March 31, 2010 01:13 am | Updated November 18, 2016 11:00 pm IST - CHENNAI

Former director of NCERT Krishna Kumar (left) and T.Padmanaban, vice-chancellor, Tamil Nadu Teachers Education University at a national seminar on ‘Empowering teacher preparation’ in Chennai on Tuesday.

Former director of NCERT Krishna Kumar (left) and T.Padmanaban, vice-chancellor, Tamil Nadu Teachers Education University at a national seminar on ‘Empowering teacher preparation’ in Chennai on Tuesday.

Model teacher training institutions should be established to help institutions in the field, according to Krishna Kumar, former director of the National Council of Education Research and Training (NCERT).

He was speaking at the inauguration of a two-day national seminar on ‘Empowering teacher preparation' organised by the Stella Matutina College of Education (SMCE) here on Tuesday.

Speaking about the pressures associated with the extreme competitiveness prevalent in the current system, Prof. Kumar said that a relaxed learning environment that allows children's latent potential to blossom gradually was absent.

Someone like Albert Einstein, who is said to have learning disability as a child, would have been declared unfit for admissions in the contemporary school education system. “Even children of 3 to 4 years of age are being interviewed for school admissions today… perhaps we are losing Einsteins in thousands because we do not allow the child's potential and interests to blossom,” he said.

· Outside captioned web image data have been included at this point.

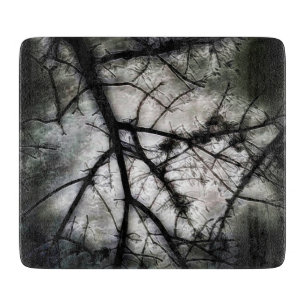 Abschluss Schneidebrett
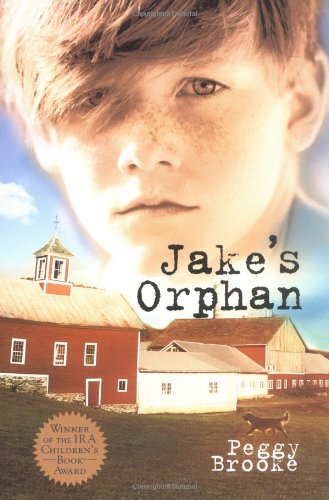 Stock image for Jake's Orphan for sale by SecondSale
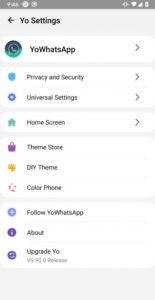 yowhatsapp atualizado 2022 para android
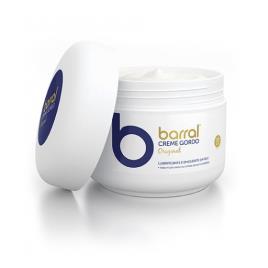 Creme Gordo Barral Original Hidratante 200 ML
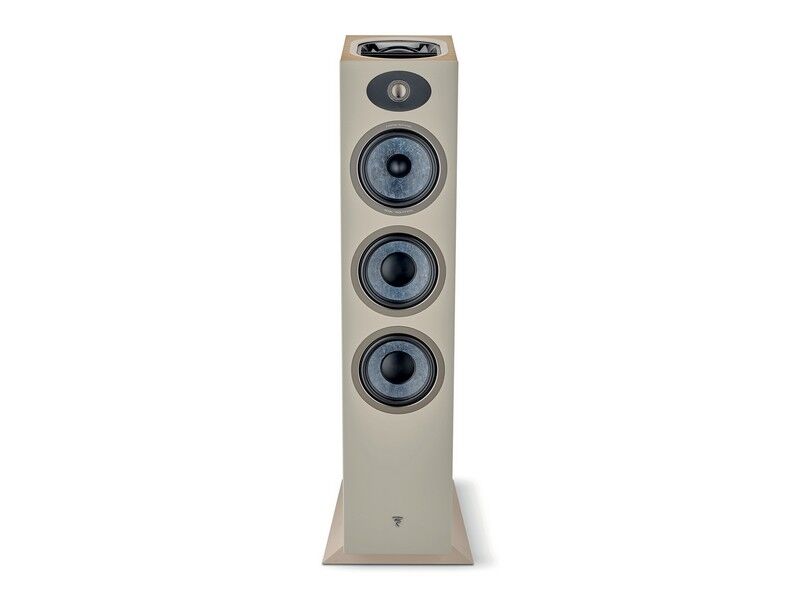 Focal Theva N3-D Dolby Atmos 3-way Floorstanding Speaker Pair - Image 16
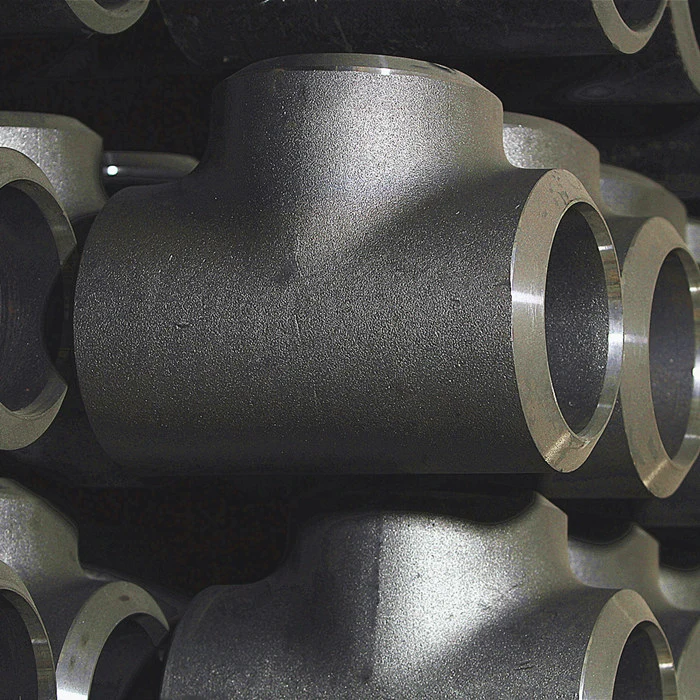 GOST Buttweld Fittings GOST Buttweld Fittings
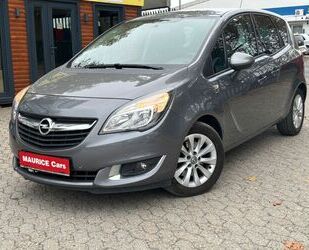 Opel Opel Meriva B Drive Gebrauchtwagen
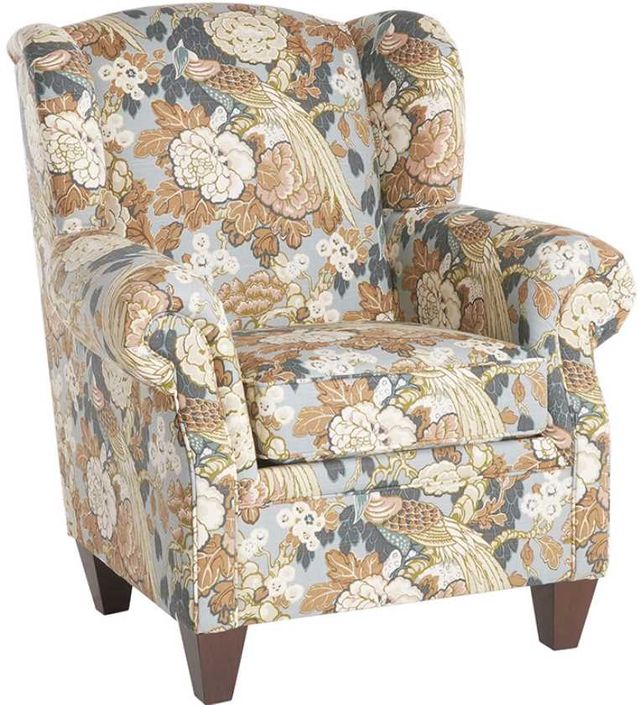 Marshfield Furniture Customizable Somerset Accent Chair-0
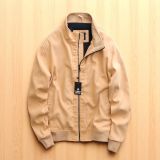  ÁO KHOÁC BOMBER DA LỘN 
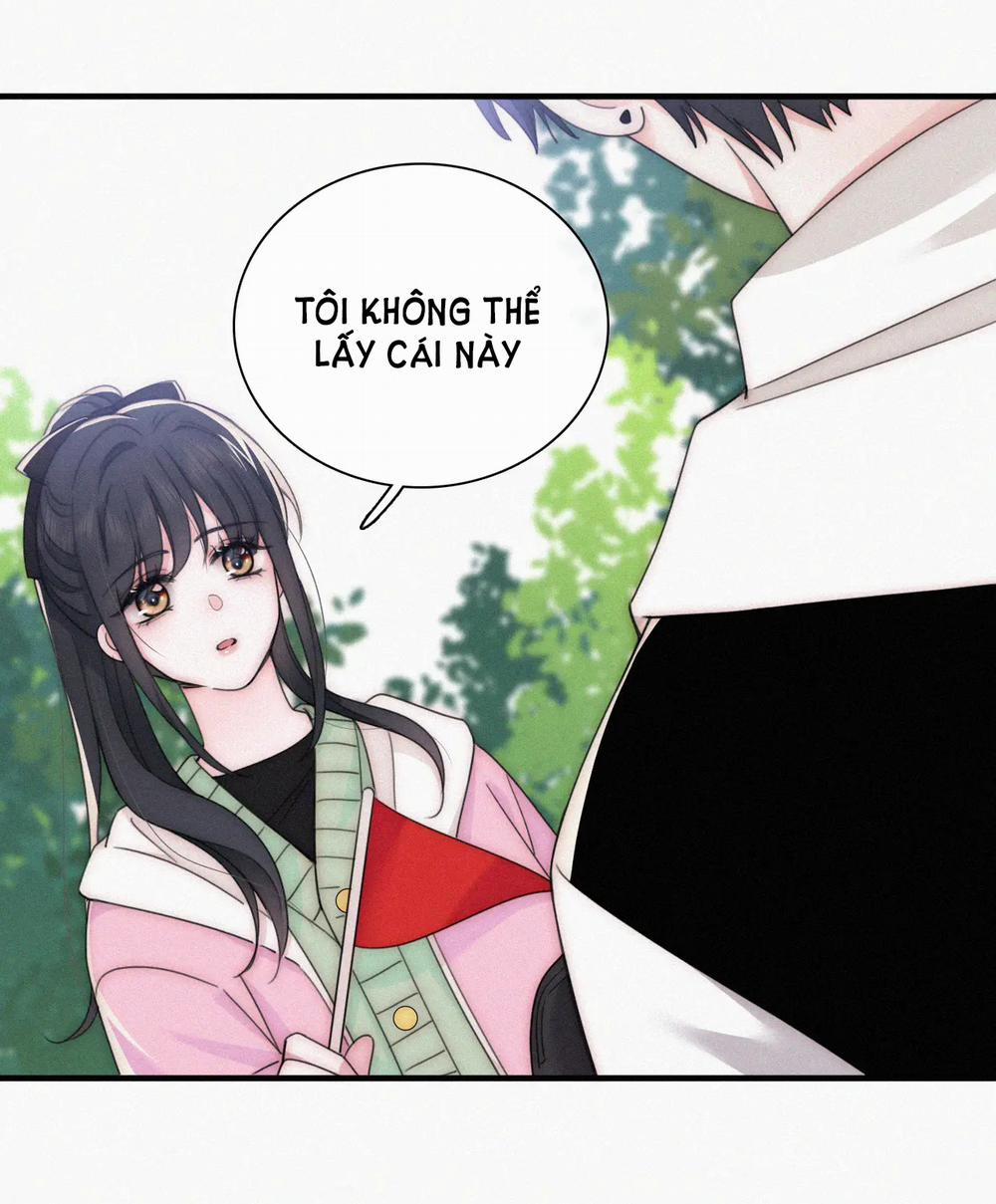 Bệnh Yêu 44.2 trang 6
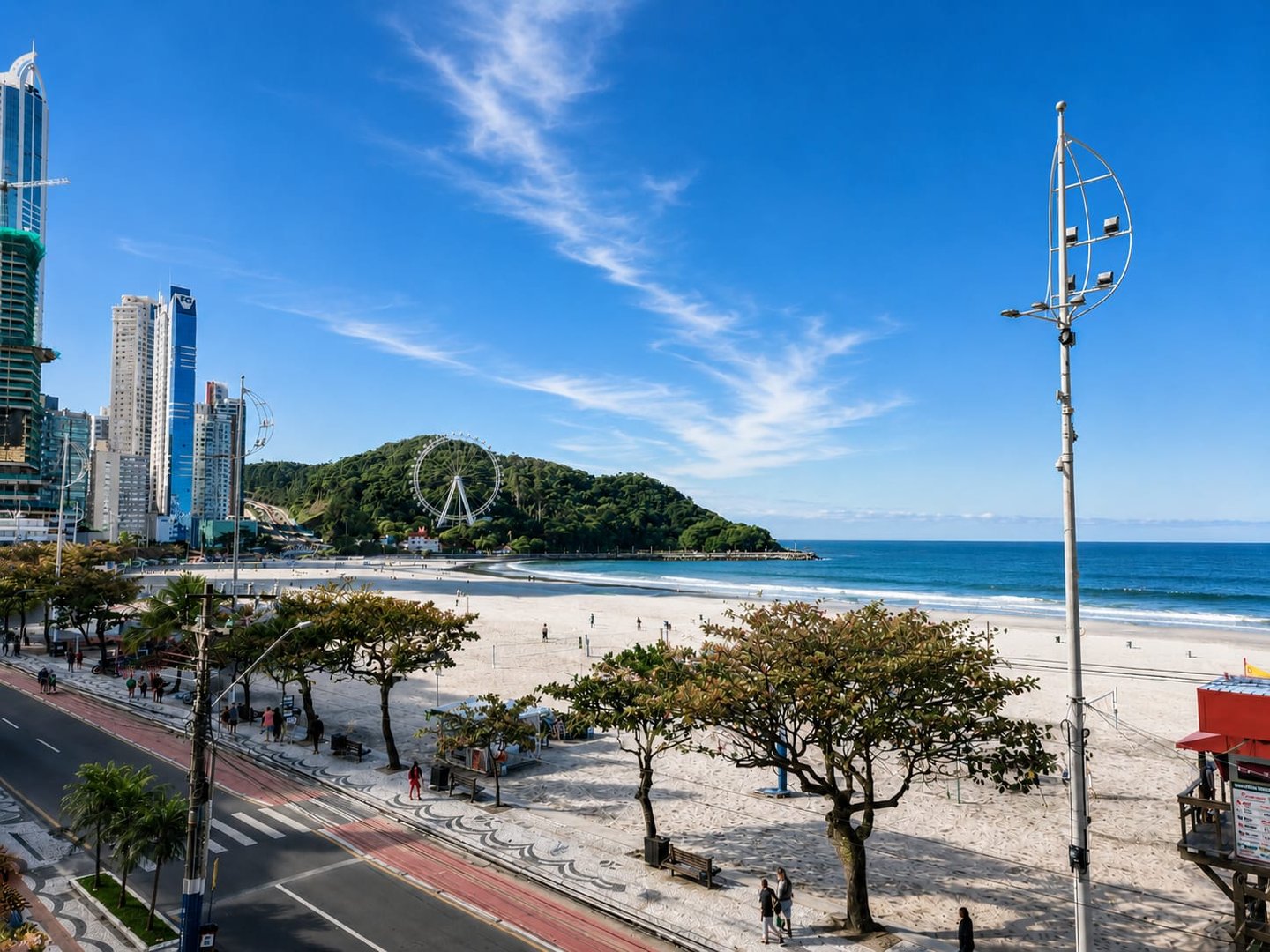 Edifício Real Park — foto 12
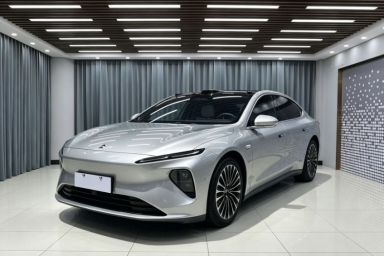 Used Nio ET7 2023 75 kWh
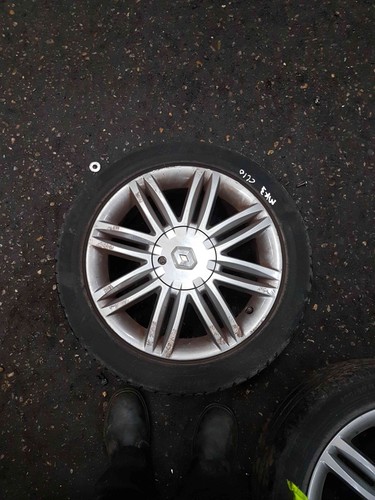 Renault clio mk3 2005 2012 - renault,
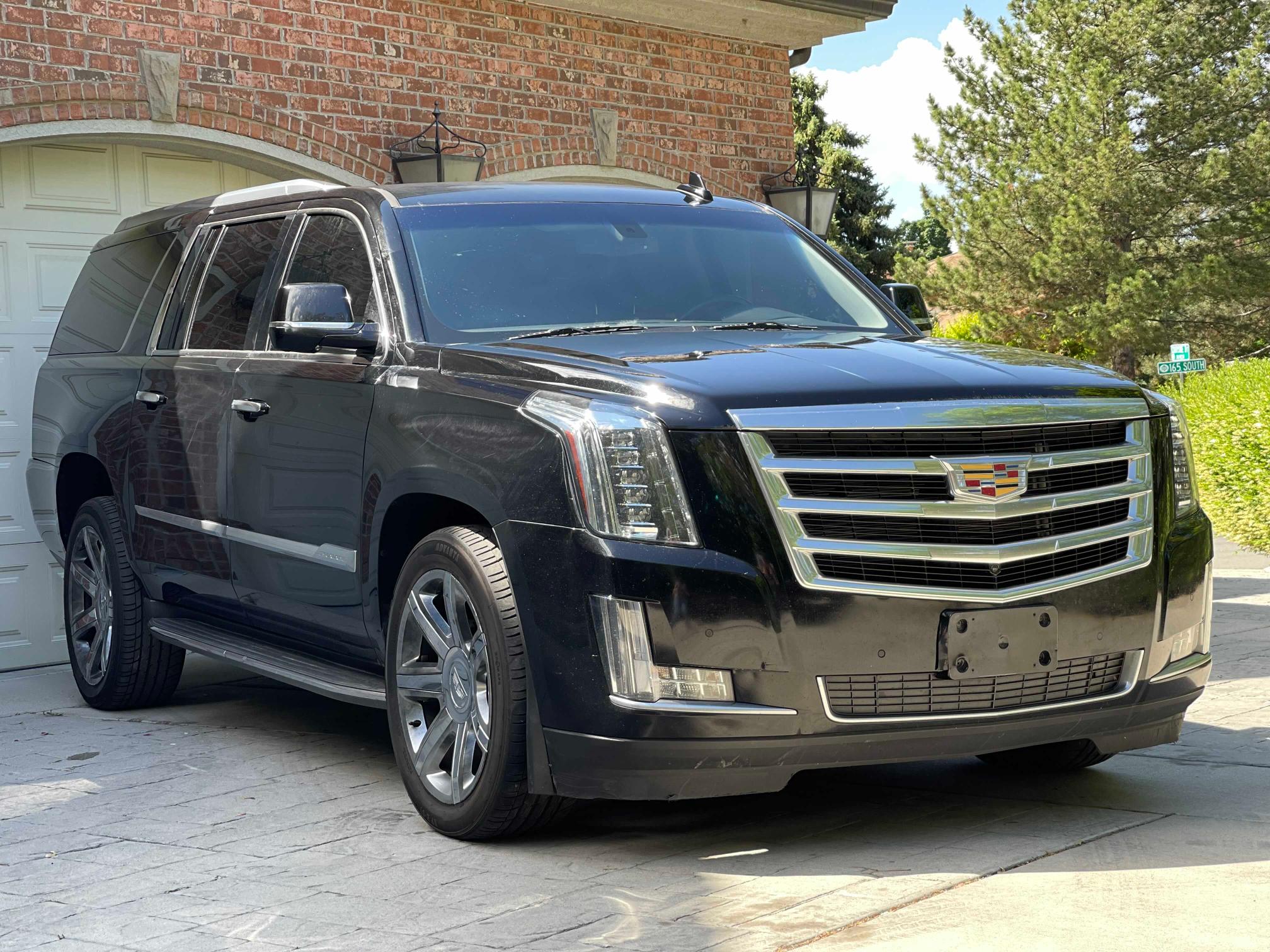 CADILLAC ESCALADE E 2016 1gys3gkj9gr148548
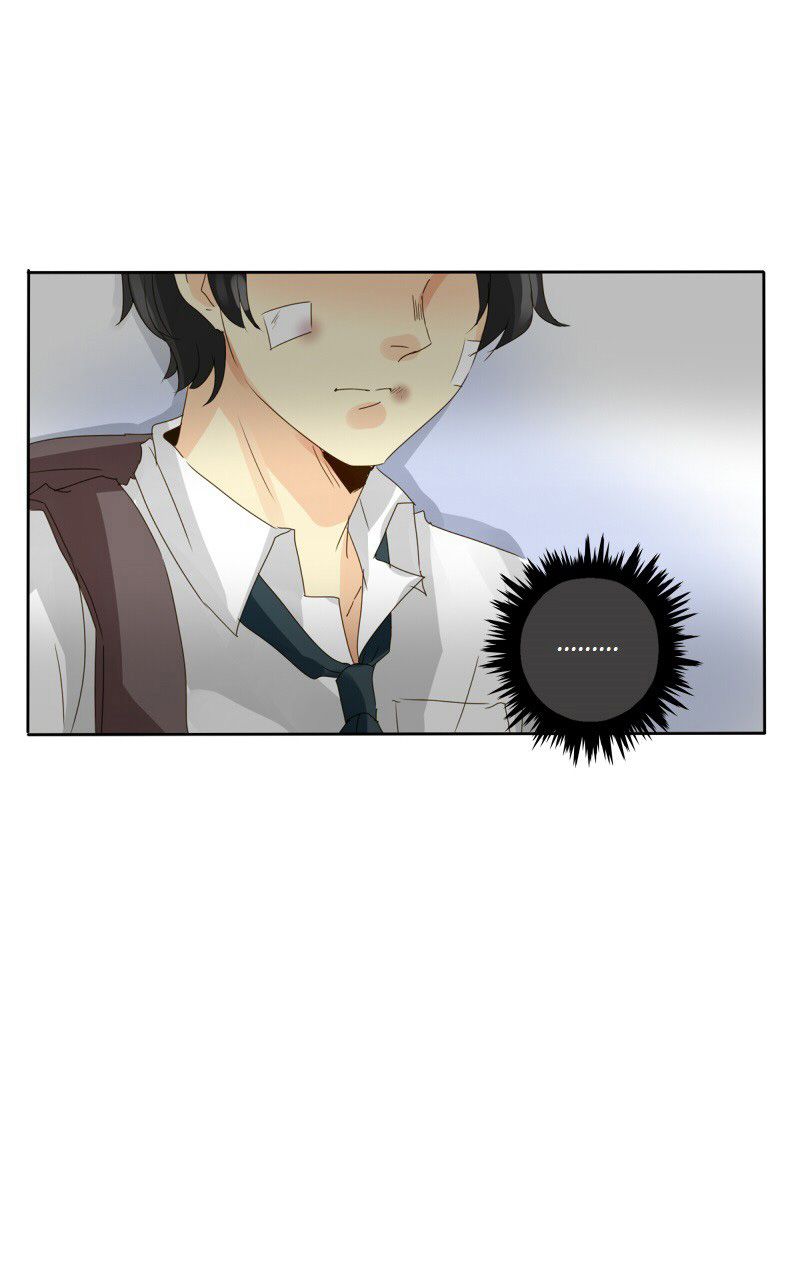 UnORDINARY Capitulo 30: null página 39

Emphasising the need for giving children more agency in the learning process, Prof. Kumar said it was important that teachers be given more agency to start with. Promoting a reading culture in teacher education would pave the way for more agency for the teacher, which might eventually translate to more agency for the learner. “Teaching is a relational activity. However, we do not seem to emphasise the need for teachers to relate to all the children in class, as much as we emphasise their knowledge of the subjects,” he added.

Drawing attention to the “severe limitations” of the teacher education system, where the curriculum still drew heavily on the behaviourist approach to learning, he said the National Curriculum Framework (NCF) for Teacher Education, released recently, made it mandatory for all teacher education programmes to be brought within the purview of the university system.

He urged teacher-trainees and teacher training institutions to analyse and reflect on the system, particularly in the light of the Right To Education [RTE] Act and the NCF.

“As teacher educators and trainers, we must commit ourselves to a long-term struggle to make this [the RTE] a social reality,” as even today, there were certain “formidable cultural forces” that denied certain sections of students access to good education.

T. Padmanaban, Vice-Chancellor, Tamil Nadu Teachers Education University, said education was not a welfare activity, but regarded an investment for the present and future. Teachers have to develop subject expertise, character and emotional intelligence, he added.

Sr. Philomena Pushpa Mary, principal, SMCE and J. Nirmala of SMCE, coordinator of the conference, spoke.